Bokulich's notion of the openness of classical and quantum mechanics provides an interesting addendum to the view of theory change presented in

the partial structures account. Here, theory change involves the preservation of elements from the old theory into the new theory, no old theory is ever scrapped entirely.216 Bokulich's treatment of quantum chaos

suggests that we can go further and say that when new elements are discovered in an old theory they can then be incorporated into the new theory in a hybridised set of models. This chimes well with the view of theory change as presented in the partial structures account:

Bluntly put, we never loose the best of what we have, and this can be mirrored within our account of what might be called the Principle of the Absolute Nature of Pragmatic Truth: Once a theory has been shown to be pragmatically true in a certain domain, it remains pragmatically true, within that domain, for all time.

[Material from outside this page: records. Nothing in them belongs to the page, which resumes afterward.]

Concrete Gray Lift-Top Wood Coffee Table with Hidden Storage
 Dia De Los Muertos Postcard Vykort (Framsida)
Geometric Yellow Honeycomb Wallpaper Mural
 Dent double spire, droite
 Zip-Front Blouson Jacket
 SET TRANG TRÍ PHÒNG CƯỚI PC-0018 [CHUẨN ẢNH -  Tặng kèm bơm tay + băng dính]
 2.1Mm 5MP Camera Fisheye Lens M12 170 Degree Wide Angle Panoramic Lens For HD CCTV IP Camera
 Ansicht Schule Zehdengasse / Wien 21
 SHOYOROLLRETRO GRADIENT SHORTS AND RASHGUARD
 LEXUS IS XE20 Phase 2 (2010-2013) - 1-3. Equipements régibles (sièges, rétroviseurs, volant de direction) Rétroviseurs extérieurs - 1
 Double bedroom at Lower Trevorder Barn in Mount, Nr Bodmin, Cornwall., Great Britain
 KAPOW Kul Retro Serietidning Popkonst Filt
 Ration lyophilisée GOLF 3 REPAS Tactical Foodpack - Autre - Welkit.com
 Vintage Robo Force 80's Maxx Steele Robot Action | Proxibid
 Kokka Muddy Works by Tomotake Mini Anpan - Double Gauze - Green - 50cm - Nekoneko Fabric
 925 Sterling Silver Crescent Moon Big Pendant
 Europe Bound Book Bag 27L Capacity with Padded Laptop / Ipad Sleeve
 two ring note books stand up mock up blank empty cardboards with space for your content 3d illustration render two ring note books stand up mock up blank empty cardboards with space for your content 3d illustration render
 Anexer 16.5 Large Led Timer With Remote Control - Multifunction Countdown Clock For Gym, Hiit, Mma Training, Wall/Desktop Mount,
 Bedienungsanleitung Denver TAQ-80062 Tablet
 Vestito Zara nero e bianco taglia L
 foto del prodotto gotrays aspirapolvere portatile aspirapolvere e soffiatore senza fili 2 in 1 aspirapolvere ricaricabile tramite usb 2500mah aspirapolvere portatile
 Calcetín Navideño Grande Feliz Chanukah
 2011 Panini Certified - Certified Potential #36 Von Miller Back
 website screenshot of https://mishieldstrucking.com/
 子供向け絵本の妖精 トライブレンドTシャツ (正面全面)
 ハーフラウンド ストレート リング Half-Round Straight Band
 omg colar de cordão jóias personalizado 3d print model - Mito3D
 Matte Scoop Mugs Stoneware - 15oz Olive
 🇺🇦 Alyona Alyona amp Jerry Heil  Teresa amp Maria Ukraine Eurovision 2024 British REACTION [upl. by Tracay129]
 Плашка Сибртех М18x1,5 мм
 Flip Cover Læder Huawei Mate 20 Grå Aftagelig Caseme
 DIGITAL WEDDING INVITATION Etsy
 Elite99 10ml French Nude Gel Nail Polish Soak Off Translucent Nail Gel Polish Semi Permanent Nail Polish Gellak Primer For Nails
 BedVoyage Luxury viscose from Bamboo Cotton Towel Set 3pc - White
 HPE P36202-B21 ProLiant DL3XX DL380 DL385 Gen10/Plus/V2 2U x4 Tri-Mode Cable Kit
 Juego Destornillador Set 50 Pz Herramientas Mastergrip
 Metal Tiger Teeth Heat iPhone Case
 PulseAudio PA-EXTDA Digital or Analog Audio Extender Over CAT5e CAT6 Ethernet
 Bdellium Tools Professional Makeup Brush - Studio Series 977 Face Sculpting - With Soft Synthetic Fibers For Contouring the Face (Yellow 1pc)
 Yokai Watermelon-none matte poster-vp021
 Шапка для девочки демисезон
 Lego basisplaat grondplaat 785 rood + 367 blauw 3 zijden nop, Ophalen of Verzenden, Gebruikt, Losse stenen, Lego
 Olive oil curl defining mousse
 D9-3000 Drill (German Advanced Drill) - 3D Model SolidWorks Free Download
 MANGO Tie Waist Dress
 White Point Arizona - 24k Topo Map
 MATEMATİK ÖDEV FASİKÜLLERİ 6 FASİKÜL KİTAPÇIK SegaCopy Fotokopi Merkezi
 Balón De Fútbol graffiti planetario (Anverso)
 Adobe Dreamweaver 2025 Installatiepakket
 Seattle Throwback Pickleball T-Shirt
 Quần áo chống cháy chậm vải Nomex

It is this, of course, which lies behind the justification for continuing to use Newtonian mechanics within certain limits. (Da Costa and French 2003 p. 82)

The same is true for quasi-explanation, once a theory/model is quasi- explanatory it remains so despite other newer explanations coming along. Moreover, the modal topology it provides is preserved. The modal structure of the surreal world is accrued through the progress of science, constraining aspects of what the true ontological structure can be.